### Aim of the task
Where the data below begins, start duplicating lines exactly, and finish with the line containing "Decorative sign with"; add nothing else. Leave the pictures out.

[Caption-style text data]
☆ ☆ ☆ ☆ ☆ ☆ ☆
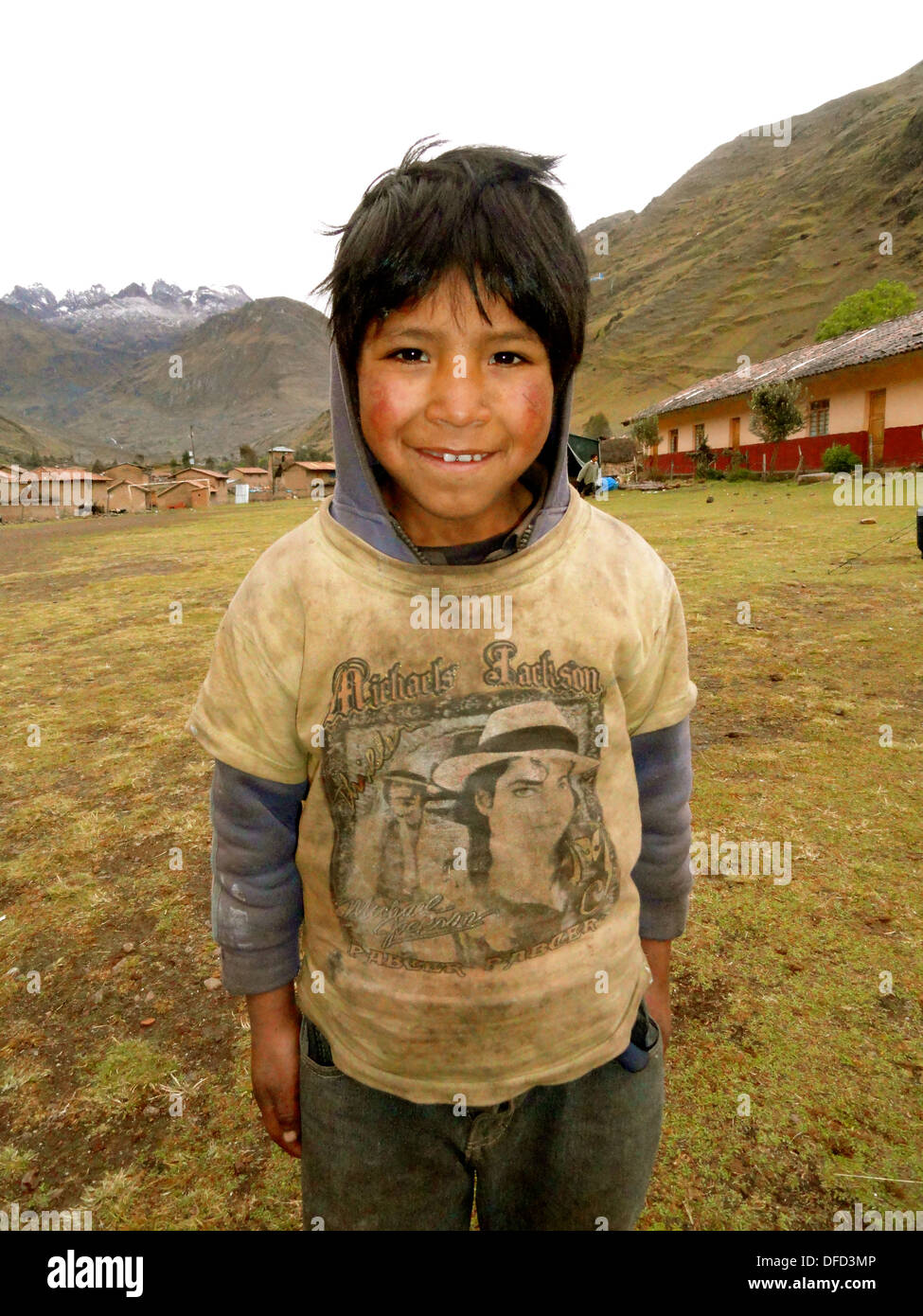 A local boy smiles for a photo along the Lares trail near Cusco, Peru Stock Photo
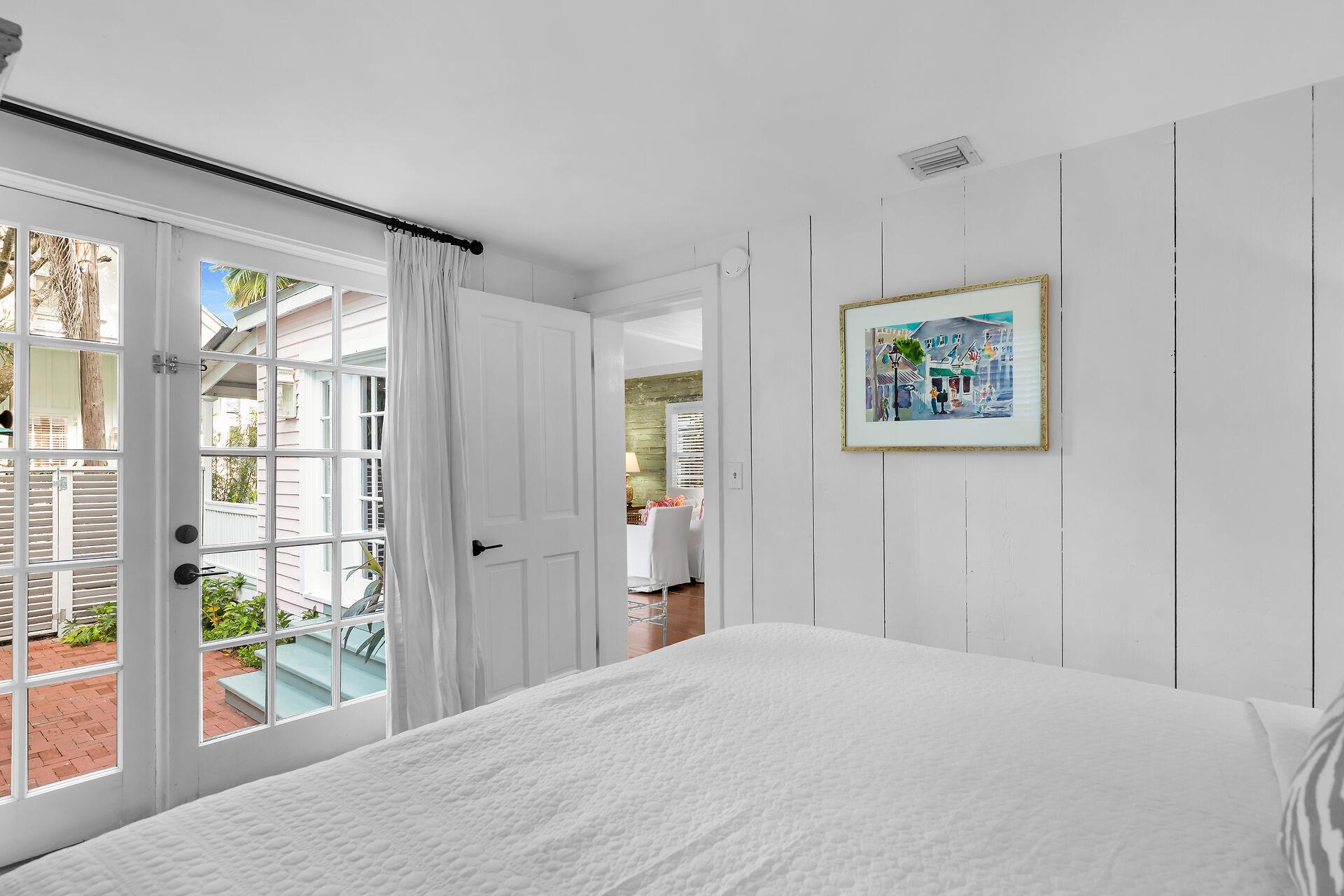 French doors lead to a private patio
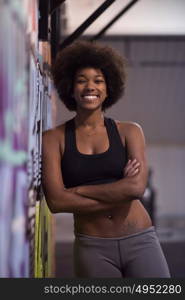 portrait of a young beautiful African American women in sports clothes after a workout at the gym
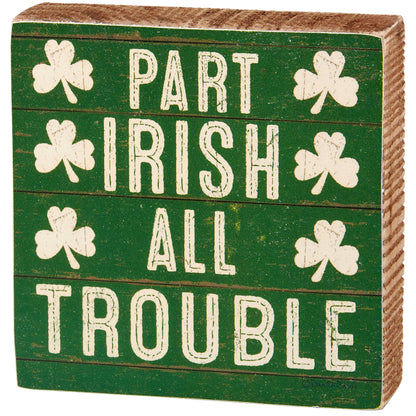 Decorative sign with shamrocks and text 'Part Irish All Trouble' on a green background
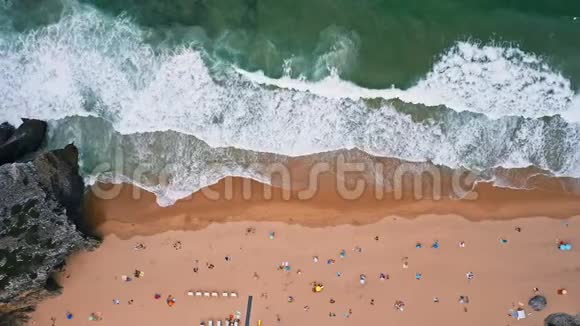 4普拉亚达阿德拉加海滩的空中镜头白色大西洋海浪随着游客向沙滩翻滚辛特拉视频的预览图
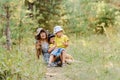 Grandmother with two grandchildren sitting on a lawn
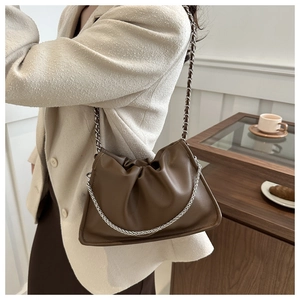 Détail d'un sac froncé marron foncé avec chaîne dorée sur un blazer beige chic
☆ ☆ ☆ ☆ ☆ ☆ ☆
### Answer box
 A local boy smiles for a photo along the Lares trail near Cusco, Peru Stock Photo
 French doors lead to a private patio
 portrait of a young beautiful African American women in sports clothes after a workout at the gym
 Decorative sign with shamrocks and text 'Part Irish All Trouble' on a green background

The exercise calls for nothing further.